Une famille ayant quitté la ville d’Afrine est sur le point d’atteindre le village de az-Ziyarah.
Photo: George Ourfalian Agence France-Presse Une famille ayant quitté la ville d’Afrine est sur le point d’atteindre le village de az-Ziyarah.

La Turquie s’est dite prête lundi à élargir son offensive contre une milice kurde à d’autres zones du nord de la Syrie, au lendemain de la prise de la ville d’Afrine, largement vidée de ses habitants et théâtre de scènes de pillage.

Ankara n’a jamais caché son hostilité face à l’autonomie de facto acquise par les Kurdes de Syrie dans de vastes territoires proches de la frontière turque, à la faveur du conflit meurtrier et complexe qui ravage la Syrie depuis 2011.

En prenant Afrine dimanche avec l’aide de combattants syriens alliés, « nous avons laissé derrière nous l’étape la plus importante de l’opération » lancée le 20 janvier dans le nord-ouest de la Syrie, a déclaré lundi le président turc, Recep Tayyip Erdogan.

Cette offensive vise la milice kurde des Unités de protection du peuple (YPG), classée « terroriste » par Ankara mais allié précieux de Washington dans la lutte contre le groupe armé État islamique (EI).

« Nous allons poursuivre ce processus jusqu’à la destruction totale de ce corridor constitué de Minbej, Aïn al-Arab [nom de Kobané en arabe], Tal Abyad, Ras al-Aïn et Qamichli » dans le nord de la Syrie, a averti M. Erdogan.

Des troupes américaines, qui continuent de soutenir les combattants kurdes dans la lutte contre le groupe EI, sont actuellement stationnées à Minbej, à l’est d’Afrine.

Selon l’Observatoire syrien des droits de l’homme (OSDH), quelque 250 000 civils ont fui les violences à Afrine et des dizaines d’autres ont été tués, ainsi qu’environ 1500 combattants kurdes.

Le régime de Damas, qui n’a jamais véritablement répondu à l’appel à l’aide des forces kurdes, à l’exception de l’envoi de quelques combattants, a condamné lundi « l’occupation turque à Afrine et ses crimes » et a réclamé « le retrait immédiat des forces d’invasion des territoires syriens qu’elles ont occupés ».
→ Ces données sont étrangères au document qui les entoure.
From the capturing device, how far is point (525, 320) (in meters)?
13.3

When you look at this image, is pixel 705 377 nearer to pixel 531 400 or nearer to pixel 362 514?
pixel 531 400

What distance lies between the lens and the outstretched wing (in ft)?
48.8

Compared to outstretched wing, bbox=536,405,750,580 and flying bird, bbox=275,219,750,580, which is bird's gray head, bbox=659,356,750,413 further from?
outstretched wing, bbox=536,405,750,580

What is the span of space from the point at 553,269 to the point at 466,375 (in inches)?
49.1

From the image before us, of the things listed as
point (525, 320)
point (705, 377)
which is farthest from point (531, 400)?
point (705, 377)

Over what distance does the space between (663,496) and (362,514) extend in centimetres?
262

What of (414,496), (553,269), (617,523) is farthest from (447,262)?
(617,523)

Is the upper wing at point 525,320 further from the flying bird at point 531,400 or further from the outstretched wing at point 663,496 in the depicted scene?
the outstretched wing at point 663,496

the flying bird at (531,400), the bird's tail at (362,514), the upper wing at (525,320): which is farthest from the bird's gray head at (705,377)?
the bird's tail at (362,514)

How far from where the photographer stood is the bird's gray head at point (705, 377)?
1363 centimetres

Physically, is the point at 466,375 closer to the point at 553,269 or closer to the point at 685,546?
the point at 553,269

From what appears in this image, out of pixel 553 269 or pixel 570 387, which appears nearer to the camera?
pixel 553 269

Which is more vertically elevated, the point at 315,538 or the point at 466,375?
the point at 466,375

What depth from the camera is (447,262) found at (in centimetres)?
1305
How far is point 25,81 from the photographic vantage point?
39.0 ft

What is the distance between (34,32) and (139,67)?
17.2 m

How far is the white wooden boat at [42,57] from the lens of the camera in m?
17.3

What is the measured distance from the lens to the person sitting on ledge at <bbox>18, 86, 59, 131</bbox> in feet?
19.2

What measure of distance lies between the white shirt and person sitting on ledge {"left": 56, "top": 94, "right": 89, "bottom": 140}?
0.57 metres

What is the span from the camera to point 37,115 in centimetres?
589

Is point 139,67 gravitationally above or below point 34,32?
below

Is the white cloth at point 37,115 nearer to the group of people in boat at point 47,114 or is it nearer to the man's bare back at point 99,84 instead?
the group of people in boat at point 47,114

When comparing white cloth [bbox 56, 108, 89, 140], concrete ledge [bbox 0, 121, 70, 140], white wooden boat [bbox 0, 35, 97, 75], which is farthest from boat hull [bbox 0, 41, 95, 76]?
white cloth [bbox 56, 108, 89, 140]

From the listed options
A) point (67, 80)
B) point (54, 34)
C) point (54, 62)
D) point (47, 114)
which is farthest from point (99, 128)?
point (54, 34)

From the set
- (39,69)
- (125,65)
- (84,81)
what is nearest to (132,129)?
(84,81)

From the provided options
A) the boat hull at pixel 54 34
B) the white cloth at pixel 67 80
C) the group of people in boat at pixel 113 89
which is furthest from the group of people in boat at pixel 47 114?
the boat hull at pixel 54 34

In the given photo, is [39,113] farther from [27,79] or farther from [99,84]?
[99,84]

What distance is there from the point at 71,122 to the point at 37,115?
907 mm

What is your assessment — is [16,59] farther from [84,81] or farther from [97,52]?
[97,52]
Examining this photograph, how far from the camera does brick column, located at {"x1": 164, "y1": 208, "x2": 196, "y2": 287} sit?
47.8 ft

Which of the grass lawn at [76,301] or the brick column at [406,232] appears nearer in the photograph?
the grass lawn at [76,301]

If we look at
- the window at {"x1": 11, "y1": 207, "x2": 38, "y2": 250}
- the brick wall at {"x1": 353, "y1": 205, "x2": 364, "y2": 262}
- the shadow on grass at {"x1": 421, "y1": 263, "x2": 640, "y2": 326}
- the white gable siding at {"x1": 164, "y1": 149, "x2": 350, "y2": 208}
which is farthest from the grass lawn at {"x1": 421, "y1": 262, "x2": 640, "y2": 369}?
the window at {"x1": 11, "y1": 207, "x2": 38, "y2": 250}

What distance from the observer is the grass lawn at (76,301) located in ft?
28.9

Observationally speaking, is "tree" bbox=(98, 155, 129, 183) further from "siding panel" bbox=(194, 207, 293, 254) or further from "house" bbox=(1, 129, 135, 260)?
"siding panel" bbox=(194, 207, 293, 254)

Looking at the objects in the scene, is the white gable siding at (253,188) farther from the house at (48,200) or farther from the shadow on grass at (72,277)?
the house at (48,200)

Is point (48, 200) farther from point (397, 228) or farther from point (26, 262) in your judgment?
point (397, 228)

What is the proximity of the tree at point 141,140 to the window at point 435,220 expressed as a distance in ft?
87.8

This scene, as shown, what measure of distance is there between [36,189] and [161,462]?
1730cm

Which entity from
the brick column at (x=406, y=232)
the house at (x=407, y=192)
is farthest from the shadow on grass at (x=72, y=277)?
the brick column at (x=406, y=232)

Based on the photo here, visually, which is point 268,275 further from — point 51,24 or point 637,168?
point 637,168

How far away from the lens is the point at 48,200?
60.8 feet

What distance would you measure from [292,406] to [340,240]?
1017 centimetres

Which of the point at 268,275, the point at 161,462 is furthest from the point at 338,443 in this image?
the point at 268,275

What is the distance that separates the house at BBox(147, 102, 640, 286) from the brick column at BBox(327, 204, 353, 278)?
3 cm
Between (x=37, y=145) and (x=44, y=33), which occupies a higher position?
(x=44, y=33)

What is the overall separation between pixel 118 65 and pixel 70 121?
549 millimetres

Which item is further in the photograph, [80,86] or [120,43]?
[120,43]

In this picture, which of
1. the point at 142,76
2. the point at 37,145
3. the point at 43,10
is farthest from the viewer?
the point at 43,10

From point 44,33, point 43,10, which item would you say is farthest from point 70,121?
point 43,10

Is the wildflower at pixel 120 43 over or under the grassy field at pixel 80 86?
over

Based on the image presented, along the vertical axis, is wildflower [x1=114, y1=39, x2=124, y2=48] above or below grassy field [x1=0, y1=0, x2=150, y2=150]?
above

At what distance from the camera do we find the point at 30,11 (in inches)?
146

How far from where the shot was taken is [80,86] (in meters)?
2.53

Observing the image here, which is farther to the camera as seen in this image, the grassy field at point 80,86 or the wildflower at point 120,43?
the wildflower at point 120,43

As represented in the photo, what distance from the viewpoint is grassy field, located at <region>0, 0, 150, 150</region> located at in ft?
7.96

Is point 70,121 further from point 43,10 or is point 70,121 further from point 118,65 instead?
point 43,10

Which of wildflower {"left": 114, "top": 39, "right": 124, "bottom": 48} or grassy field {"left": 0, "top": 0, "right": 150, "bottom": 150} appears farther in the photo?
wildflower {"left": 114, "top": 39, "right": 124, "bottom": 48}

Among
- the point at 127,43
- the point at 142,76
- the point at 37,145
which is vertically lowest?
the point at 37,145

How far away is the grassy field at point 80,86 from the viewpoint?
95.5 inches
Les États-Unis ont mis en garde leur allié à l’OTAN, exprimant leur « profonde préoccupation […] à propos de la situation à Afrine ».

Pillages allégués

La conquête d’Afrine permet à Ankara de consolider son rôle dans une guerre complexe qui oppose sur plusieurs fronts des belligérants soutenus par des puissances étrangères et a coûté la vie à plus de 350 000 personnes depuis 2011.
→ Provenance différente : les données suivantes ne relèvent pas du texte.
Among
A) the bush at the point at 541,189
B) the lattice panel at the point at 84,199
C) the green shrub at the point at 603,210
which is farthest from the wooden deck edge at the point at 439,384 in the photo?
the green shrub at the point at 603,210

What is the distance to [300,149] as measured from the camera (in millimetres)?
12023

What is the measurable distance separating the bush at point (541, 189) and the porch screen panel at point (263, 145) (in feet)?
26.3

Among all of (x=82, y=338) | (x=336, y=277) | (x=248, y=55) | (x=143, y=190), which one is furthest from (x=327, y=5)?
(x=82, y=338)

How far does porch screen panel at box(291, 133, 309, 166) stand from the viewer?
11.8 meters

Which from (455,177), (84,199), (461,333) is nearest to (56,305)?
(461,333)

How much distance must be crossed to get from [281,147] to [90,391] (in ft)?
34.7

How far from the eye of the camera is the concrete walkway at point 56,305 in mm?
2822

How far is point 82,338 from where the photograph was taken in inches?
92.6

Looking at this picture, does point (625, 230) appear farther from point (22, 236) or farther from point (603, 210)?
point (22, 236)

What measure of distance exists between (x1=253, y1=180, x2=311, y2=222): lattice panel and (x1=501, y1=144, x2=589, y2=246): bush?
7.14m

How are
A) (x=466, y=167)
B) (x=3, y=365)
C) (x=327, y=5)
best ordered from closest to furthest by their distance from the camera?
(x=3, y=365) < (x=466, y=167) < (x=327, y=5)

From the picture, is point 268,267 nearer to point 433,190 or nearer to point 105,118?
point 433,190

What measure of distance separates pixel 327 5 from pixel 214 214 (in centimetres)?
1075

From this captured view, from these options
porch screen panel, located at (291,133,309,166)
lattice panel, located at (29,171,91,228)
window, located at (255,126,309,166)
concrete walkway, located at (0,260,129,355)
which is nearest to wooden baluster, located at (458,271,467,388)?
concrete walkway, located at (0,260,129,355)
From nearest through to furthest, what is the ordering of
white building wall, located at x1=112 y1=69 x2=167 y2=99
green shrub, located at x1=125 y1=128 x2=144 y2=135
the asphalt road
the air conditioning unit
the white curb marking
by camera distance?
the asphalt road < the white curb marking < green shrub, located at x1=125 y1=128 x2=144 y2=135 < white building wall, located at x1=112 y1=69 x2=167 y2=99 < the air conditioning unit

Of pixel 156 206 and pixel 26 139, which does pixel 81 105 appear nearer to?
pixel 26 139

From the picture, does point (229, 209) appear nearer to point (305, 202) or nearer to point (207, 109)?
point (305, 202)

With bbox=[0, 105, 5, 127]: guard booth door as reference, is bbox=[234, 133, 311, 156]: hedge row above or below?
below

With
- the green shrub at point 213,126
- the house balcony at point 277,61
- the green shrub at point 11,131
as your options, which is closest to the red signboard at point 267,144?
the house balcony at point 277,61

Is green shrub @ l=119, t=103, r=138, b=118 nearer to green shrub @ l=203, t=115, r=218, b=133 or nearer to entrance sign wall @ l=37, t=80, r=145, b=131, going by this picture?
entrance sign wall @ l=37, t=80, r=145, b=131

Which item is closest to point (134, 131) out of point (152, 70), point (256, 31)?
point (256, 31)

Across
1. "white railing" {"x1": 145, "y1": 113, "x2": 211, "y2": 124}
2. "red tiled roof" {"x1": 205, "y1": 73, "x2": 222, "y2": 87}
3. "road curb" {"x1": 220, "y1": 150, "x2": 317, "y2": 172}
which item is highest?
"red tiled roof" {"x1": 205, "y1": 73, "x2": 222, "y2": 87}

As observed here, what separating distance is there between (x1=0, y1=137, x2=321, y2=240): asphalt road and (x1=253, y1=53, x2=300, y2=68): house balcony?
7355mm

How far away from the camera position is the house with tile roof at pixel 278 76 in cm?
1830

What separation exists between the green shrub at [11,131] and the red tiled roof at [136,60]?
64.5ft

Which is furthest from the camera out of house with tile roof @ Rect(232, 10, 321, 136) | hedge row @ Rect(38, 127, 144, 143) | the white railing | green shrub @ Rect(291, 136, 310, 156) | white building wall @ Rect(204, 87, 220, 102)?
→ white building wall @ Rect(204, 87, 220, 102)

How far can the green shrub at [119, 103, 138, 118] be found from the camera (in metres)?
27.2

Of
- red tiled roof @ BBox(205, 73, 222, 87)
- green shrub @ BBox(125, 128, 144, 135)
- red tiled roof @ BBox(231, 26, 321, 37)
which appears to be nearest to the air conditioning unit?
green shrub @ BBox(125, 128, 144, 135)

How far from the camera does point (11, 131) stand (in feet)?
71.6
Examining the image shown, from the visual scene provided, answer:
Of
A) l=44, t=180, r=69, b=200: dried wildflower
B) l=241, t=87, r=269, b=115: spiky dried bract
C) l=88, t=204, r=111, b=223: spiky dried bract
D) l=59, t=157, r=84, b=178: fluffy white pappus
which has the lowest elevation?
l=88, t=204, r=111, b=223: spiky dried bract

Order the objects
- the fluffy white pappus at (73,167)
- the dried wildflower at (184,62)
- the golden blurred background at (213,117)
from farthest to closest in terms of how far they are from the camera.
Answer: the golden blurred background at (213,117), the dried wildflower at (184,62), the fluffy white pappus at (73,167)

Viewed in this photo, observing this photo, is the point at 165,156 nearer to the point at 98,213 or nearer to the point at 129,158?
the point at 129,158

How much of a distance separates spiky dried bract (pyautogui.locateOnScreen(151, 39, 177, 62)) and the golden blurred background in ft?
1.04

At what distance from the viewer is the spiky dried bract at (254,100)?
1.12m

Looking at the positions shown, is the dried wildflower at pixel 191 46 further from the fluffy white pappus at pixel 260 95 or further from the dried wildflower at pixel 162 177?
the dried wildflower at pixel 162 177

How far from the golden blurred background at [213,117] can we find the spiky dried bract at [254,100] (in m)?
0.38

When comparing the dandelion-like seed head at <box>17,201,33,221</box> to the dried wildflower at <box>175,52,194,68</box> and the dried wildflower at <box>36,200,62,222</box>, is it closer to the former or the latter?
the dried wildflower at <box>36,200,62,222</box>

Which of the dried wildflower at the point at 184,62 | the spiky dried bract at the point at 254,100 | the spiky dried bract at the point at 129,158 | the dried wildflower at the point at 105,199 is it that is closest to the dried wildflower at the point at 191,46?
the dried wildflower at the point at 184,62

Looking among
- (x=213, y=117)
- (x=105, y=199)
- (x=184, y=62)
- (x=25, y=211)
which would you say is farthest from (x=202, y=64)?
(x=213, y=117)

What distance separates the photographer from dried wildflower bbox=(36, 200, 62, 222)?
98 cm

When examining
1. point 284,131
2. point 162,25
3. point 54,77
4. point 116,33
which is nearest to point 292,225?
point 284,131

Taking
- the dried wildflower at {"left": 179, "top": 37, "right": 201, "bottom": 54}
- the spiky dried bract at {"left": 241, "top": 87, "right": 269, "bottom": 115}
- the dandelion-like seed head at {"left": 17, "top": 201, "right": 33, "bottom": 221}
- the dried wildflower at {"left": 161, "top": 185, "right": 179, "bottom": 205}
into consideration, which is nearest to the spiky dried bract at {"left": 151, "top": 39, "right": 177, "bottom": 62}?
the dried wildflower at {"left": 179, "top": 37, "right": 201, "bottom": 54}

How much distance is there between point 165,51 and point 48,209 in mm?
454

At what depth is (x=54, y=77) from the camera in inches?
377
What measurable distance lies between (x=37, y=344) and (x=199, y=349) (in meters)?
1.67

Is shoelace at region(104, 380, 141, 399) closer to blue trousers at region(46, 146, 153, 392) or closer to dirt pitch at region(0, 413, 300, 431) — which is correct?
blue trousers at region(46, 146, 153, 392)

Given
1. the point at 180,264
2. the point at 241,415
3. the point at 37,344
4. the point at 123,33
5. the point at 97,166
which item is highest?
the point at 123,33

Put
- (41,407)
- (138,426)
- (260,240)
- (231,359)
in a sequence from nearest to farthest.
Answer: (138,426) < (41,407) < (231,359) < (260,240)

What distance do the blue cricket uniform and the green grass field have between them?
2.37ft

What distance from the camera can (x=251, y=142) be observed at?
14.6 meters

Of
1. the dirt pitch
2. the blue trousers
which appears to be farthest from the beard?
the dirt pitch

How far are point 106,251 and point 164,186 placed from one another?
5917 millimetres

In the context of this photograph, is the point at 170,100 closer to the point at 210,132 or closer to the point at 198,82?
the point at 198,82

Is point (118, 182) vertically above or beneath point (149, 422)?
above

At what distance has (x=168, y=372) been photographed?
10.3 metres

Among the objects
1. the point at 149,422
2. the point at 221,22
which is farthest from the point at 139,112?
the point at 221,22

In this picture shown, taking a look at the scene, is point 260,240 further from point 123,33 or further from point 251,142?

De nouveaux pillages ont été menés lundi dans la ville par des combattants syriens pro-Ankara, selon un correspondant de l’AFP et l’OSDH. « C’est le chaos généralisé », a ajouté l’ONG qui dispose d’un vaste réseau de sources sur le terrain.

La veille, des correspondants de l’AFP avaient vu des magasins saccagés, des combattants chargeant pêle-mêle dans des pick-up cartons de nourriture, chèvres, couvertures et même des motos, avant de quitter la ville.
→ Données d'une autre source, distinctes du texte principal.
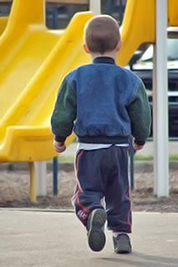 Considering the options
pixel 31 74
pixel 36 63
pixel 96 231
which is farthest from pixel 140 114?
pixel 36 63

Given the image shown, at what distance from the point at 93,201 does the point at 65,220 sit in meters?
1.63

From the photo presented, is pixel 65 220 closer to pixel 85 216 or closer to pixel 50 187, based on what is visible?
pixel 85 216

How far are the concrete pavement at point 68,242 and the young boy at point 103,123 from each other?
8.1 inches

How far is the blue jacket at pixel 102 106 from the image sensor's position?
16.0 feet

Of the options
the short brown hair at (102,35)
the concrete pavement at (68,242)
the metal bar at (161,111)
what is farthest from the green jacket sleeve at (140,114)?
the metal bar at (161,111)

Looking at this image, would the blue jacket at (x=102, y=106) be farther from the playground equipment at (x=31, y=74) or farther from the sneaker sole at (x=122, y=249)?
the playground equipment at (x=31, y=74)

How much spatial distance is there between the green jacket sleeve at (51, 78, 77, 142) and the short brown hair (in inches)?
10.6

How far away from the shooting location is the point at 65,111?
493cm

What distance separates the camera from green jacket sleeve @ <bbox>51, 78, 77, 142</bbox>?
493 cm

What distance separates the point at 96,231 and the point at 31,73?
17.1ft

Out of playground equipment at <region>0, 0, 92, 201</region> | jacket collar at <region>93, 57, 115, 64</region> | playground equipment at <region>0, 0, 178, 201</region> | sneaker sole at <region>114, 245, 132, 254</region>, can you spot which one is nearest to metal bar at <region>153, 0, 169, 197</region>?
playground equipment at <region>0, 0, 178, 201</region>

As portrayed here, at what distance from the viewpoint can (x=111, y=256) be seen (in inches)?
196

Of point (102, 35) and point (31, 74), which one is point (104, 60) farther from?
point (31, 74)

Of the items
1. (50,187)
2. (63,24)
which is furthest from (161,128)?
(63,24) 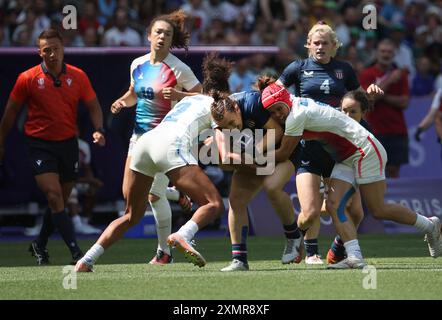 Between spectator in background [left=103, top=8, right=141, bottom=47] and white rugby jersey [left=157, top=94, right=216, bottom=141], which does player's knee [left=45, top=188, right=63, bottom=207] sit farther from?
spectator in background [left=103, top=8, right=141, bottom=47]

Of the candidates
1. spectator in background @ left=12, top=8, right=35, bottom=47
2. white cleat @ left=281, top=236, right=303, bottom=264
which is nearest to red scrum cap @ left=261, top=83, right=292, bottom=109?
white cleat @ left=281, top=236, right=303, bottom=264

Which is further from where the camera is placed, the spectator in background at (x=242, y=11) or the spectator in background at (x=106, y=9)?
the spectator in background at (x=242, y=11)

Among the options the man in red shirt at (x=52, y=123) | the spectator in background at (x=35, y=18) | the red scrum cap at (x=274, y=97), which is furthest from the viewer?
the spectator in background at (x=35, y=18)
Ankara a annoncé lundi qu’elle enquêtera sur les informations faisant état de pillages à Afrine. « Certains groupes n’ont probablement pas suivi les ordres », a dit un porte-parole de la présidence turque.

Bachar al-Assad a visité la Ghouta

Un second exode de civils est en cours, dans la Ghouta orientale, où l’enclave rebelle assiégée depuis 2013 se réduit comme peau de chagrin face à l’avancée du régime. Dimanche, pour la première fois depuis des années, le président syrien, Bachar al-Assad, s’est rendu dans la région, où il a félicité ses troupes pour avoir « sauvé Damas », cible d’obus et de roquettes tirés depuis le fief rebelle. « Les habitants de Damas sont plus que reconnaissants et ils raconteront peut-être à leurs enfants pendant des décennies comment vous avez sauvé la ville de Damas », a assuré le président syrien. Après un mois d’offensive, l’avancée du régime, qui contrôle plus de 80 % du fief rebelle, s’est faite au prix d’un lourd bilan humain : selon l’OSDH, les bombardements ont tué plus de 1400 civils, dont 274 enfants.